The Watches & Jewelry business achieved organic revenue growth of 16% in the first half of 2022. Profit from recurring operations was up 26%. In jewelry, Tiffany & Co. enjoyed an excellent half-year, still driven by strong momentum in the United States. The new Knot collection notably benefited from sustained demand, as did the High Jewelry collection Blue Book, which saw record sales. A pop-up store opened on Avenue Montaigne in Paris, offering an immersive experience around the theme of the love story between Paris and Tiffany, while the Saatchi Gallery in London hosted the "Vision & Virtuosity" exhibition, celebrating the Maison's 185th anniversary.
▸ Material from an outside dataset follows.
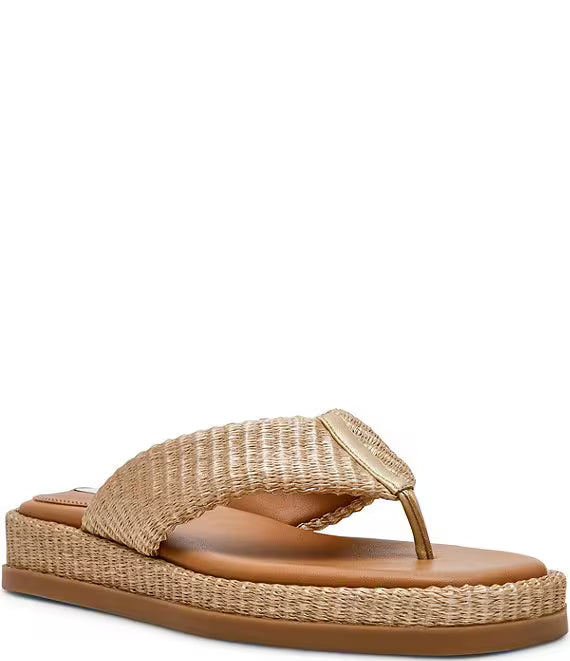 Steve Madden Bella Natural Raffia Thong Sandals Flip Flops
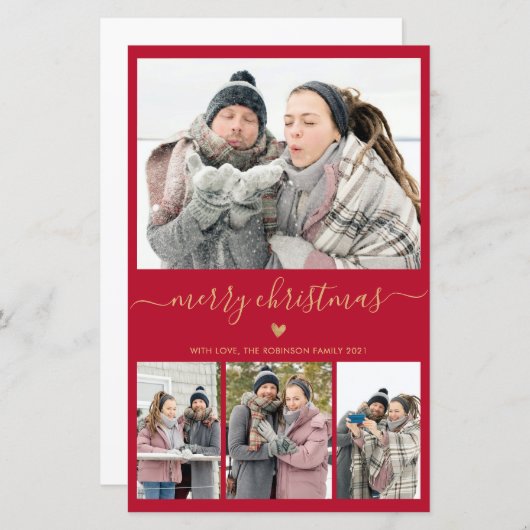 Budgetminimalistisch rood Gold 4-fotokerstkaart (Voorkant / Achterkant)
At Bulgari, the Serpenti and Bzero1 Classic lines were important growth drivers, while new records were set by the recently launched High Jewelry and High Watchmaking collection Eden: The Garden of Wonders and its watch lines, including the new Octo Finissimo Ultra watch. Chaumet and Fred performed very well over the first half. Chaumet's "Végétal" exhibition at the Palais des Beaux-Arts in Paris has been a great success. Several watchmaking innovations from TAG Heuer, Hublot and Zenith were unveiled at the Watches & Wonders Geneva summit.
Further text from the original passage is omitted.